From 10d26f3f17e8c8543a46a96cd11a804b696ed948 Mon Sep 17 00:00:00 2001
From: Madison Swain-Bowden <bowdenm@spu.edu>
Date: Thu, 30 May 2024 16:24:04 -0700
Subject: [PATCH] Initial overview and analysis

---
 ...n_augment_catalog_with_rekognition_tags.md | 297 ++++++++++++++++++
 1 file changed, 297 insertions(+)
 create mode 100644 documentation/projects/proposals/rekognition_data/20240423-implementation_plan_augment_catalog_with_rekognition_tags.md

diff --git a/documentation/projects/proposals/rekognition_data/20240423-implementation_plan_augment_catalog_with_rekognition_tags.md b/documentation/projects/proposals/rekognition_data/20240423-implementation_plan_augment_catalog_with_rekognition_tags.md
new file mode 100644
index 00000000000..48dcac1b93c
--- /dev/null
+++ b/documentation/projects/proposals/rekognition_data/20240423-implementation_plan_augment_catalog_with_rekognition_tags.md
@@ -0,0 +1,297 @@
+# 2024-05-30 Implementation Plan: Augment the catalog database with suitable Rekognition tags
+
+**Author**: @AetherUnbound
+
+<!-- See the implementation plan guide for more information: https://github.com/WordPress/openverse/tree/19791f51c063d0979112f4b9f4eeace04c8cf5ff/docs/projects#implementation-plans-status-in-rfc -->
+<!-- This template is exhaustive and may include sections which aren't relevant to your project.
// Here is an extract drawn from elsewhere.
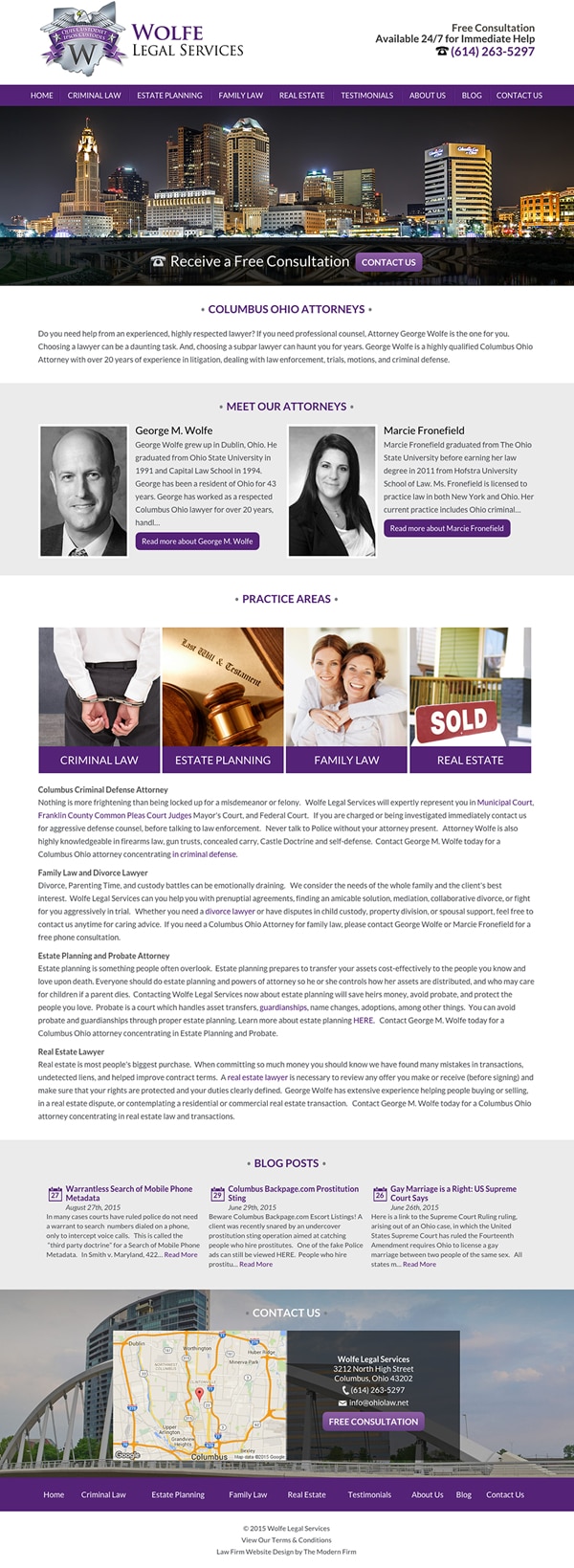 Law Firm Website Design for Wolfe Legal Services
Feel free to remove any sections which would not be useful to have. -->
+
+## Reviewers
+
+<!-- Choose two people at your discretion who make sense to review this based on their existing expertise. Check in to make sure folks aren't currently reviewing more than one other proposal or RFC. -->
+
+- [ ] @obulat
+- [ ] @stacimc
+
+## Project links
+
+<!-- Enumerate any references to other documents/pages, including milestones and other plans -->
+
+- [Project Thread](https://github.com/WordPress/openverse/issues/431)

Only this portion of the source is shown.